According to the authors, the results of this study appear to match those from similar studies about patient beliefs and long-term outcomes in patients with breast and colorectal cancers.

8 Responses

  1. Maybe it has nothing to do with our beliefs and cancer really is a long-term killer. If this study is suggesting that attitude plays a role then where is the army of long-term survivors who had a positive attitude? I don’t see them anywhere. Not on the forums, in the news or anyplace. All I hear are doctors quoting stats, and I don’t see any bodies to back them up.

  2. This result was told to me last month by an immunologist I met by chance. He said that science is coming to see a link from mood and attitude to immune system functioning, and then to various cancers. He stressed that if the connections exist, then the link might retard the division rate of cancer cells. He said that this does not prevent cancer. He also said that we do not yet know if the link exists and, if it exists, exactly how it works. As of now, results are highly suggestive and becoming more so.

  3. George: One of the authors of the paper above has already indicated to me that some of the issues you mention are a key part of their future research.

  4. Seems to me that possibly as educators and advocates for the men dealing with prostate cancer we need to encourage more participation in support groups and encouraging clinicians to evaluate men for depression or negative attitudes. Those of us involved with CCC programs can encourage survivorship programs to include prostate cancer programs that address attitudes about their ability to survive. We may need to increase the discussion of the success stories of men with prostate cancer. If I was planning future studies I would be interested to know more about what interventions for men help men to reduce anxiety, isolation or depression. Unfortunately most survivorship programs that I am aware of are more likely to attended by women.

  5. Sitemaster: Thanks. I am quite glad to hear that.

  6. Kathy: ” … attended by women”? Why is this so? I have no experience with groups. This article strongly suggests that groups can be useful for men, if properly conducted. Strange!

  7. George:

    I think we need to distinguish carefully between the traditional “support group” (relatively common in the prostate cancer community) and true cancer “survivorship” programs run by organizations like the Cancer Support Community (formerly the Wellness Community) and some community cancer centers (CCCs). The latter are much more structured in their nature and have (to date) been very much more targeted to women with breast, ovarian, and other types of cancer. Part of this reflects the very different ways that men and women look at life’s problems. Women tend to seek out and value “shared experience” with their “sisterhood;” men tend to grit their teeth and “tough things out.”

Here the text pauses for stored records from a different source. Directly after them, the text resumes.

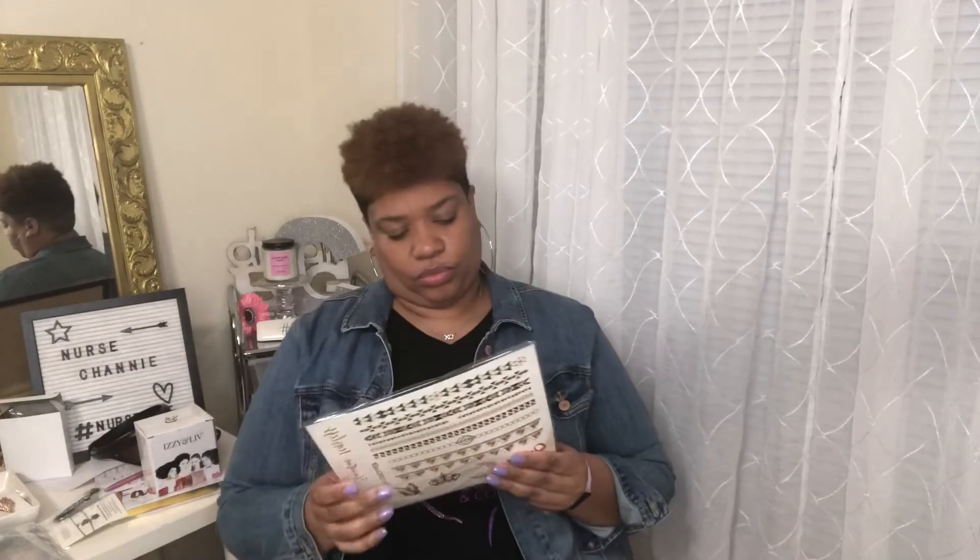We are almost done. These are removable tattoos — I wonder if these really work. Interesting! Alright, let's see what's in this package.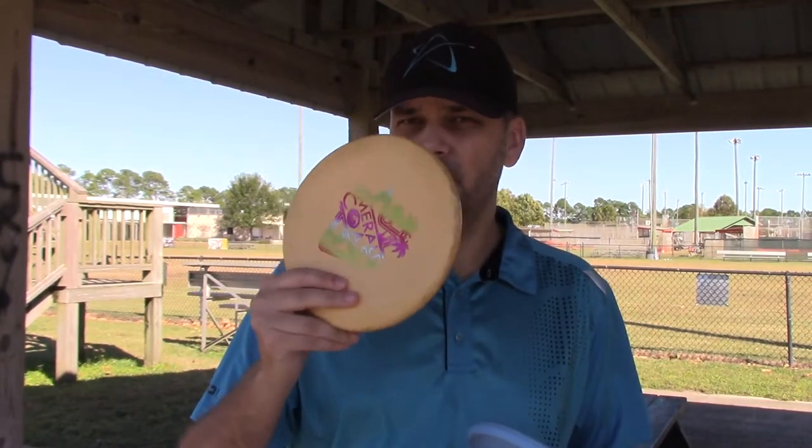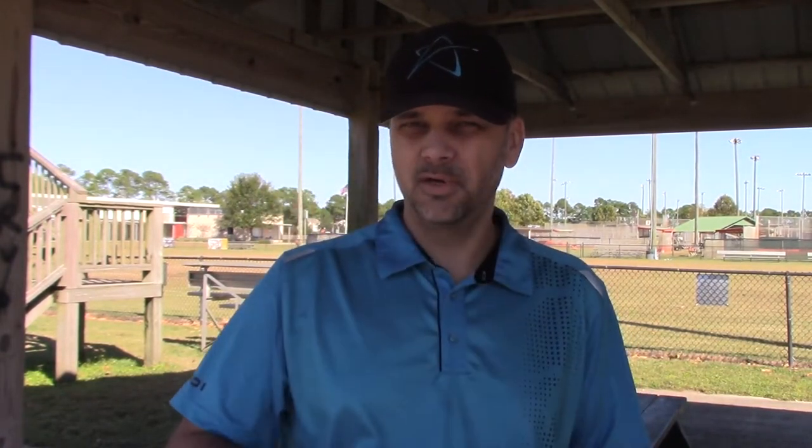For those of you that are already with a little less stiffness and they're still too stiff, step down to a gummy disc. What you thought in the summer was way too gummy — that floppy disc you said you'd never throw — try it in the winter. It's going to feel like your normal disc did in the summer.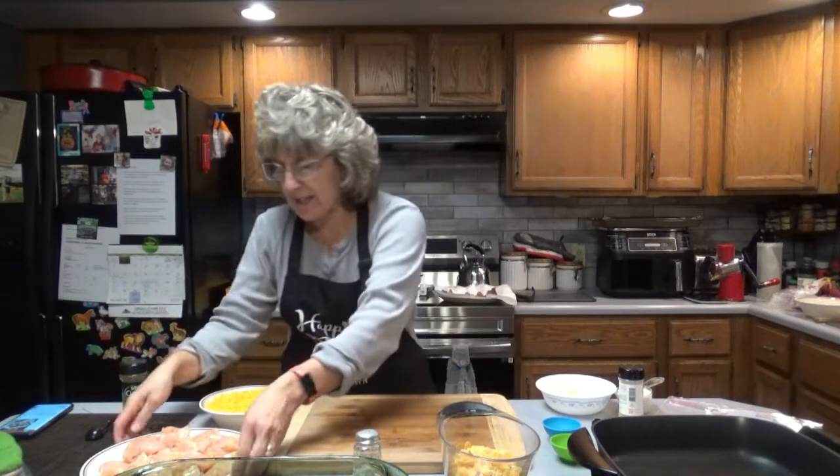Get everything ready and preheat your oven to 375 degrees. Wash potatoes and cut into one inch cubes. Bring a large pot of salted water to a boil and add the potatoes, cooking for 12 to 15 minutes or until tender. Meanwhile, season the chicken with salt and pepper and over medium heat fry the chicken until no longer pink, about 6 to 8 minutes.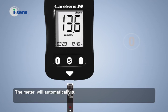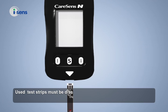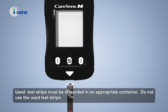The meter will automatically turn off after 3 seconds of taking out the strip. Used test strips must be discarded in an appropriate container. Do not reuse used test strips.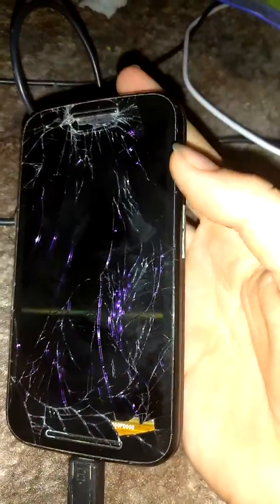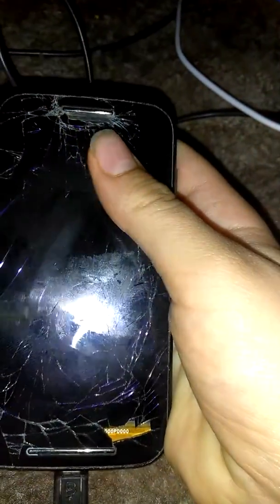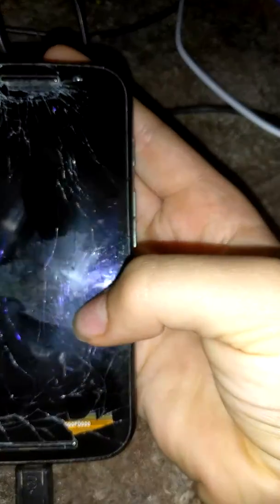What happened to my phone that I started the channel on — right here I was testing the toothpaste thing, and as you can see it does make it all smooth. But it got ran over by my mom's car.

  8. Thanks Sitemaster. I didn’t know about this distinction. I live in Sweden, having moved here from Amsterdam, where things are quite differently arranged. The patients’ “groups” there are organisations that advise patients but are fully dependent on government subsidies to exist. As far as I know there are no support or survivorship groups in this system. This explains my ignorance. These clubs organise meetings for one day now and then, where members are lectured to, solely by Dutch specialists. It is very bad, IMHO. My lack of knowledge might be symptomatic of the dangerous structure of prostate cancer treatment there. I left when I was offered treatment options that I knew to be suboptimal, thanks to advice I got here in Sweden. It turned out that I was correct to do so, but that is another story.